## Data extract
============

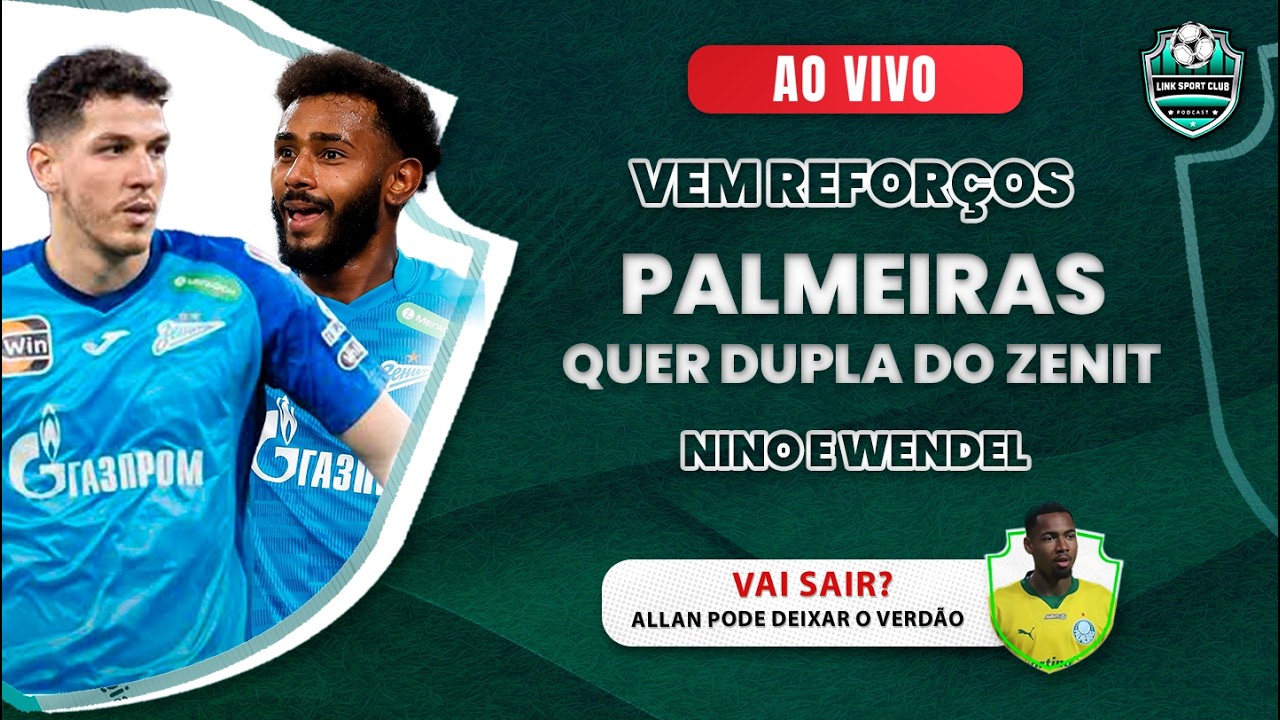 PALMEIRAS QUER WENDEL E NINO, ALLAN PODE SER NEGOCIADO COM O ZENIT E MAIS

============

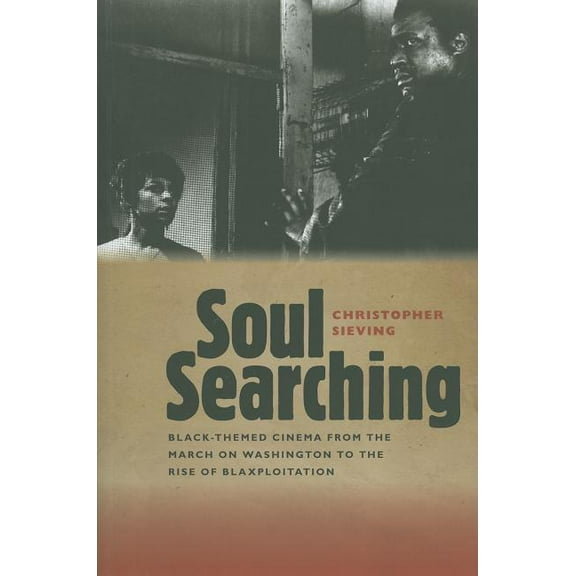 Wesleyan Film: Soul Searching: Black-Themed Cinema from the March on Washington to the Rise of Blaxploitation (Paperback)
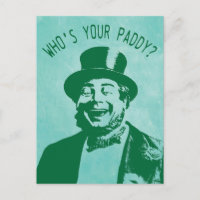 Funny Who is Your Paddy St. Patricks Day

============

## Directions
Starting at the line above that contains "Wesleyan Film: Soul", transcribe every line exactly through the line that contains "Funny Who is Your Paddy St. Patricks Day", including that last one, and skip the pictures.

## Solution below
 Wesleyan Film: Soul Searching: Black-Themed Cinema from the March on Washington to the Rise of Blaxploitation (Paperback)
 Funny Who is Your Paddy St. Patricks Day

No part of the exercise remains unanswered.